NVIDIA/nvcomp

[QST]zstd Decompression takes a lot of HBM

xingwenqiang opened this issue · 6 comments

hi,
I used nvcomp 2.3 to deal parquet files in my project, but compared to gzip decompression, zstd decompression used a lot of HBM resources that for gz.parquet decompress used 1.01G and zstd used 7.5G, is that true?, look forward your answers!

Hi Xing,

Please try the latest nvCOMP 2.6.1 and let us know how it goes. Are you decompressing parquet using cuDF?

Are you referring to HBM usage on GPU?

ZSTD decompression does use significant "scratch" memory on the GPU. Your application controls that allocation ( through the "computeScratch" APIs.). What sized scratch allocation is nvCOMP 2.6.1 requesting compared to the size of your input batch?

-Eric

thanks a lot, the answer is very helpful,I try nvCOMP 2.6.1 and API 'nvcompBatchedSnappyDecompressGetTempSizeEx' to calculate scratch size, then gpu memory reduce to 3.5G. After testing, I found that the scratch size is positively correlated with the zstd file size,that means I need to control zstd file size if I want to control gpu memory consumption。so if I want to further control the scratch size, do you have any good suggestions,looking forward your reply!

Hi Xing,

That's the correct API to use. How large is your file and how large is the scratch allocation? nvCOMP zstd does require scratch storage which is a multiple of the total size of the batch that you provide.

If the GPU memory requirement is still too large, you could decompress part of the batch in one call to the API and the next part of the batch in the next call.

Note, if you're trying to decompress one large ZSTD file, that currently won't work well in nvCOMP ZSTD. We rely on simultaneously processing a batch of many ZSTD buffers for good performance.

hi,

thanks for reply, it test good when we control the batch size in one call.

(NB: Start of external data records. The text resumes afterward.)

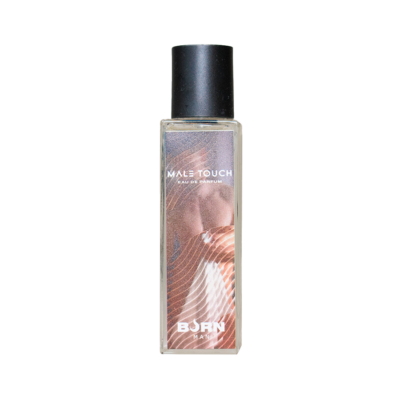 Alternative view of BURN - MALE TOUCH PERFUME MASCULINO 20 ML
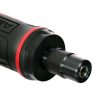 Pneumatikus egyenes csiszoló és vágó - Aeropro RP17313, 6 mm és 3 mm szár befogatással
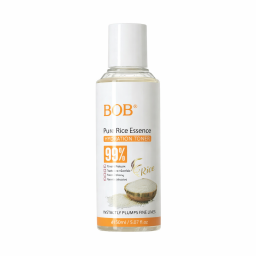 تونر بشرة بالارز BOB Rice Toner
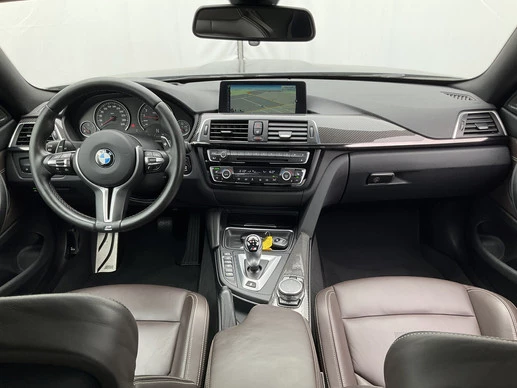 BMW M4 - Afbeelding 4 van 30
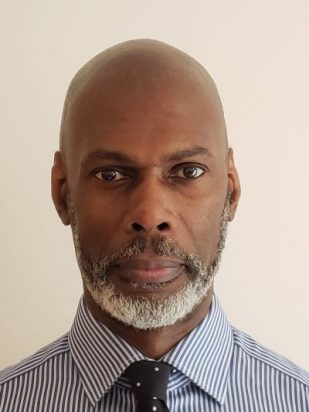 Dr Howard Haughton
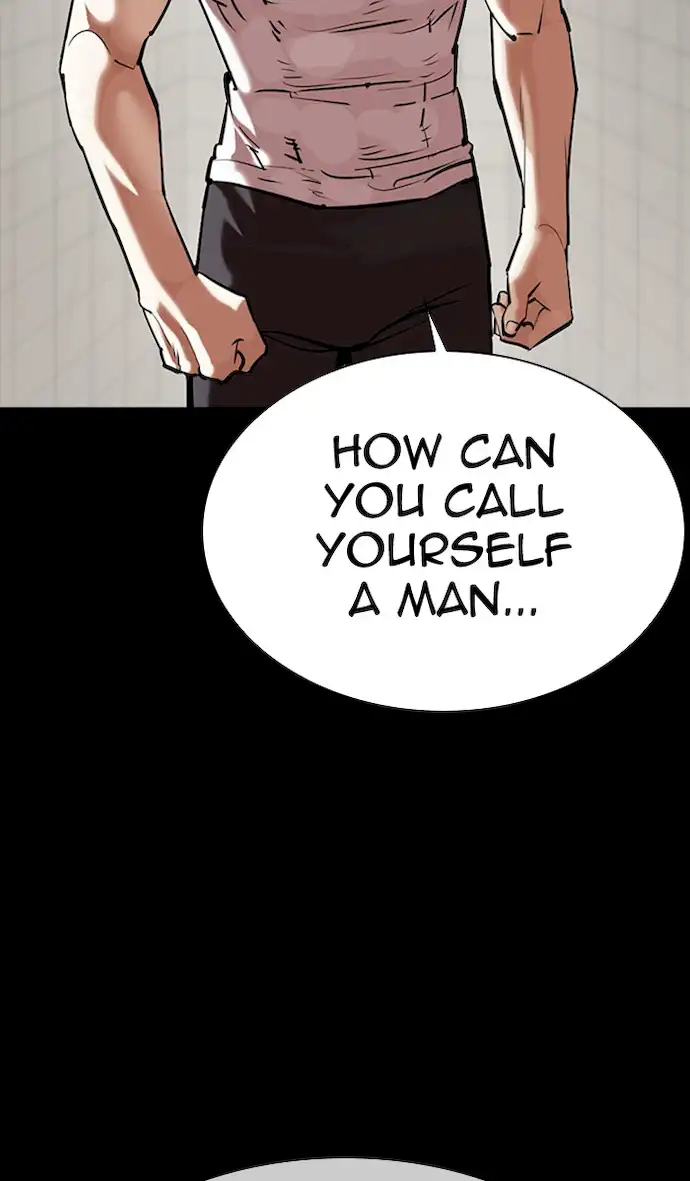 Lookism Chapter 352 - Page 92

As you say, the task is decompressing zstd.parquet using cuDF,we found that the parquet file page size is negative correlation with decompressing process when we optimize the job, is that true? looking forward your reply!

Hi Xing,

Making sure, are you using cuDF 23.02?

If I understand correctly, you're asking if it's expected for the decompression time to increase (get slower) as the parquet compression page size increases. This will be true until the file is very large (such that we have enough larger pages to fully saturate the GPU).

appreciate your help, its helpful to control the file size. I try to increase the rowgroup size and decrease page size,then the task works well.